_DATA LISTING_:
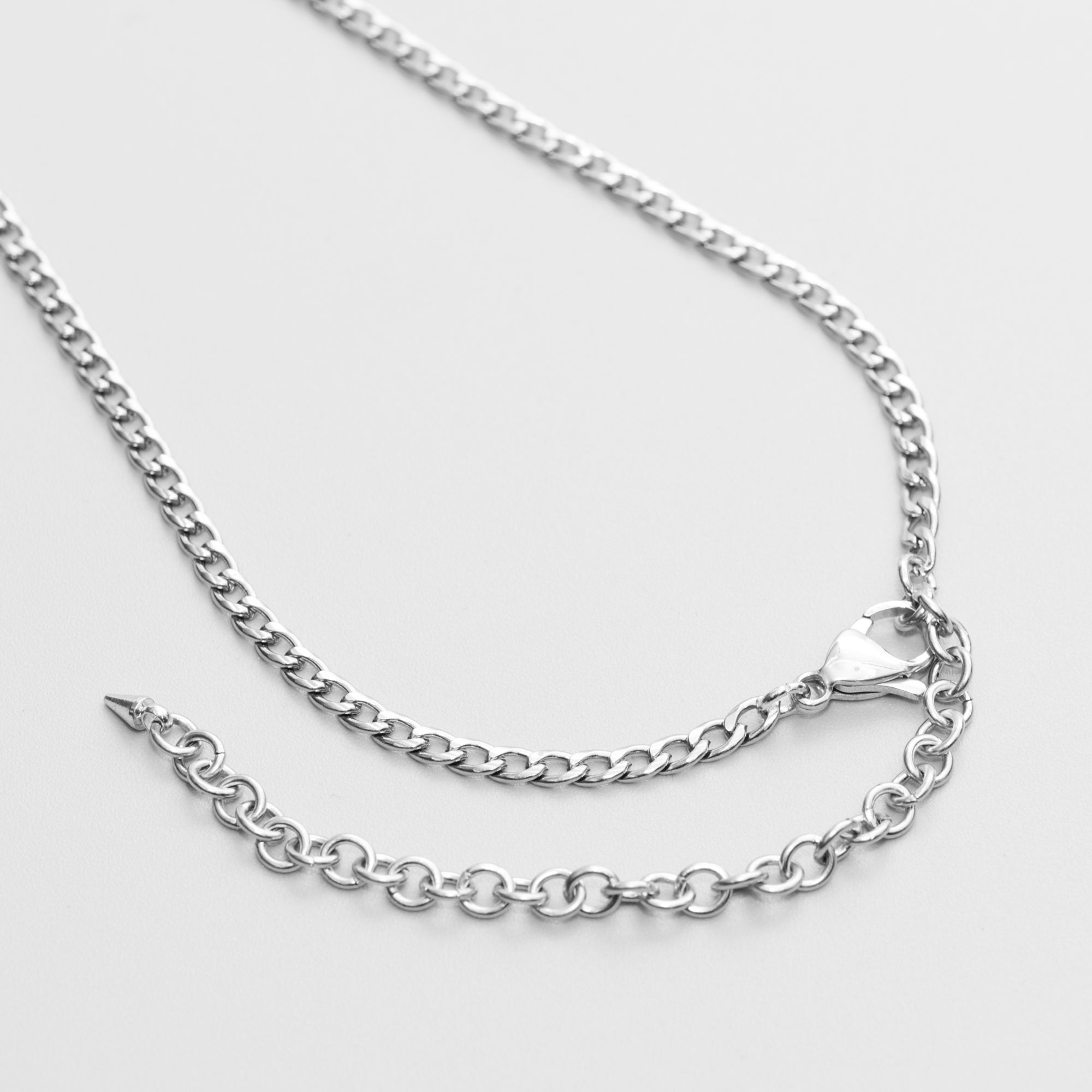 A silver-colored heart pendant micro slip chain necklace with a cuban link chain, presented on a black gift box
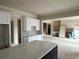 Open kitchen with white cabinets and a large center island at 1077 Sweet Mia Ln, Powder Springs, GA 30127
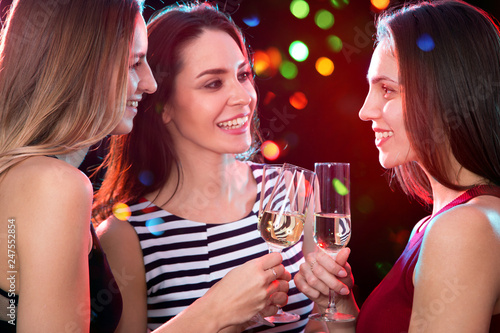 Beautifully dressed girls with glasses of wine at a Christmas party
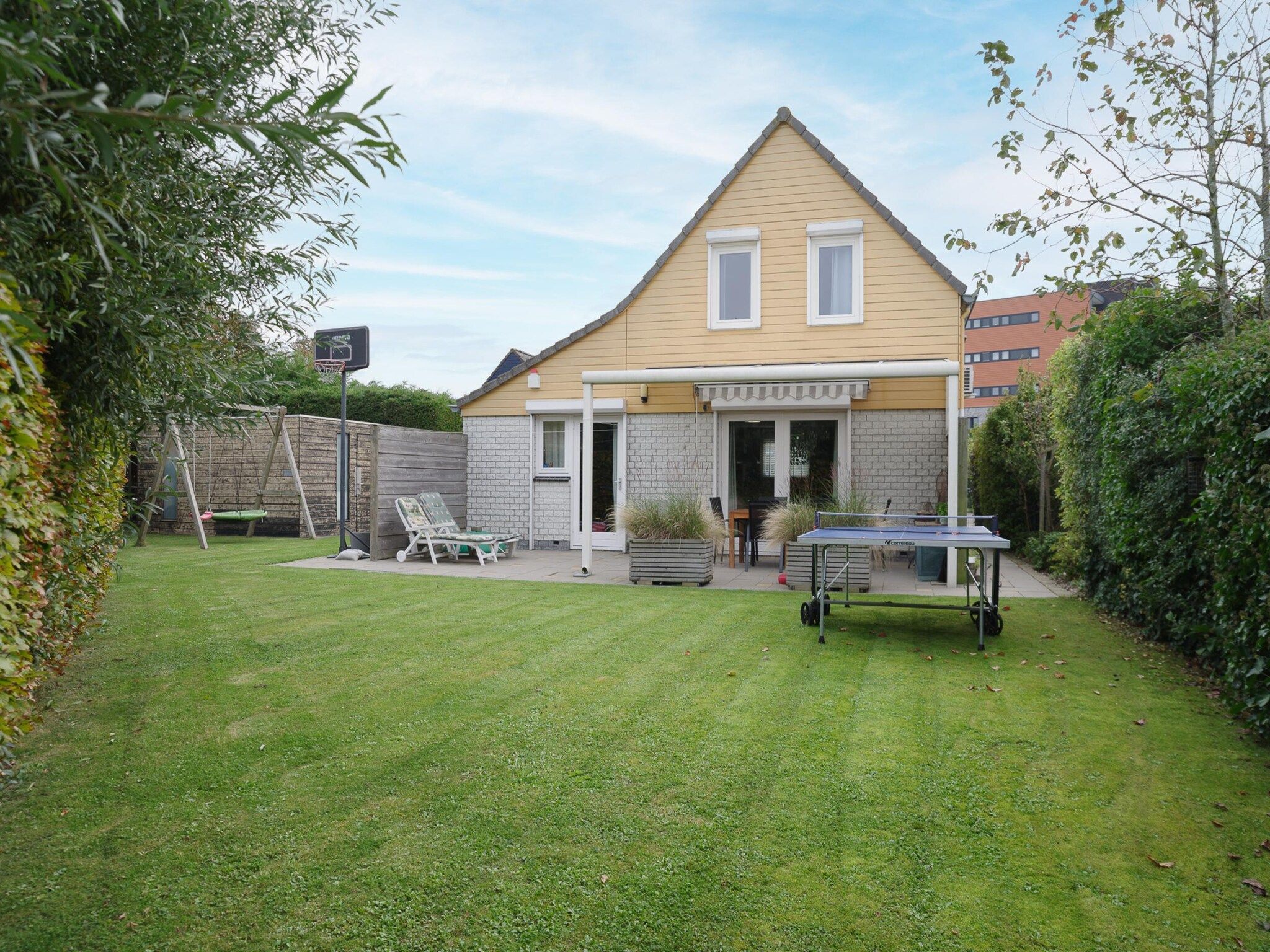 De tuin van Villapark De Oesterbaai 117 in Wemeldinge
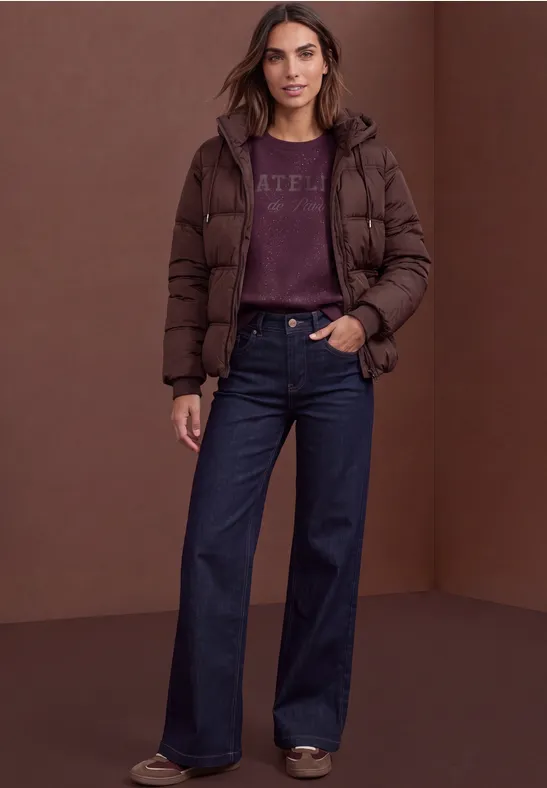 Eine Frau steht vor braunem Hintergrund und trägt eine dunkelbraune Daunenjacke, weite Jeans und Pullover.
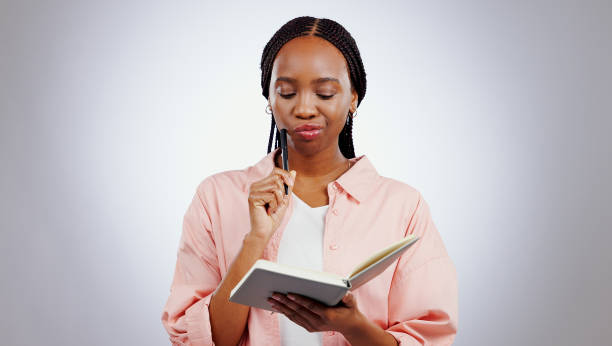 istock Woman, notebook and thinking of ideas, learning and studying with solution or goals on a white background. African student problem solving, reading notes and why face, confused or planning in studio 1849973341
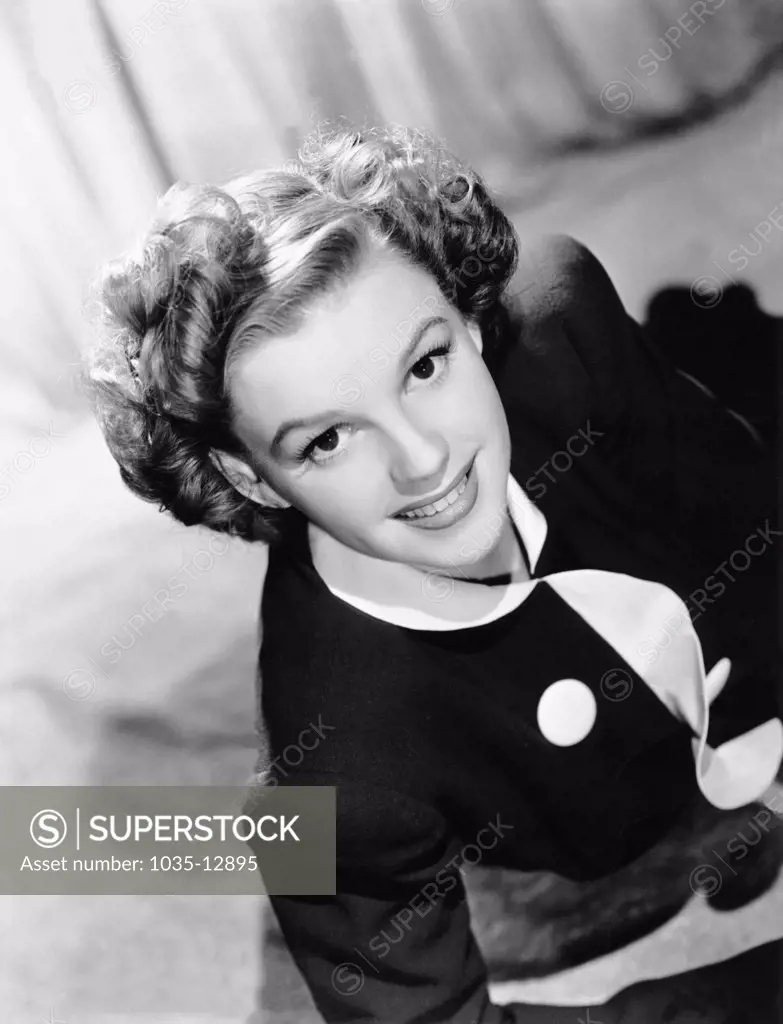 Hollywood, California:  c. 1940 An MGM studio portrait of actress Judy Garland.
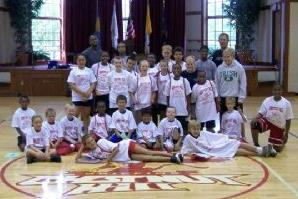 Children posing for a photo in a gym.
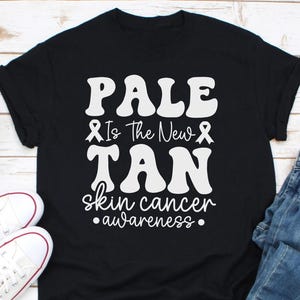 Camiseta de conscientização sobre o câncer de pele Pale Is The New Tan, presente, suporte ao câncer de melanoma, camiseta de guerreiro do câncer de melanoma, camiseta de lutador do câncer de pele, presente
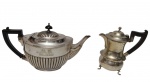 Dois bules em metal espessurado a prata, ambos com alças em madeira escuro. Um apresenta corpo bojudo com caneluras em relevo e tampa ornamentada; o outro possui corpo torneado, base elevada sobre pés e tampa articulada. Medidas: 28 x 13 x 15 cm / 15 x 15 x 8 cm.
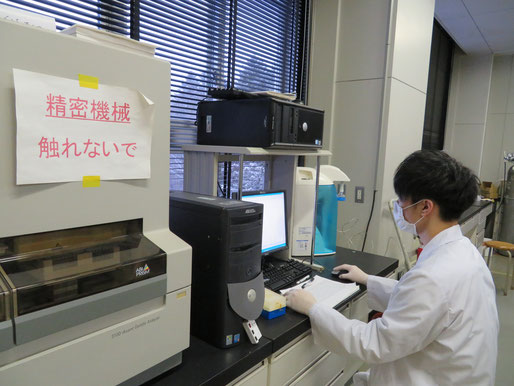 DNA 解析装置を使用中の学生（於：研究室）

_PROBLEM REQUIREMENTS_:
Please, without any pictures, write out exactly the lines of the listing from its first line through the line that holds "Camiseta de conscientização", ends included, and nothing beyond them.

_PROBLEM SOLUTION_:
 A silver-colored heart pendant micro slip chain necklace with a cuban link chain, presented on a black gift box
 Open kitchen with white cabinets and a large center island at 1077 Sweet Mia Ln, Powder Springs, GA 30127
 Beautifully dressed girls with glasses of wine at a Christmas party
 De tuin van Villapark De Oesterbaai 117 in Wemeldinge
 Eine Frau steht vor braunem Hintergrund und trägt eine dunkelbraune Daunenjacke, weite Jeans und Pullover.
 istock Woman, notebook and thinking of ideas, learning and studying with solution or goals on a white background. African student problem solving, reading notes and why face, confused or planning in studio 1849973341
 Hollywood, California:  c. 1940 An MGM studio portrait of actress Judy Garland.
 Children posing for a photo in a gym.
 Camiseta de conscientização sobre o câncer de pele Pale Is The New Tan, presente, suporte ao câncer de melanoma, camiseta de guerreiro do câncer de melanoma, camiseta de lutador do câncer de pele, presente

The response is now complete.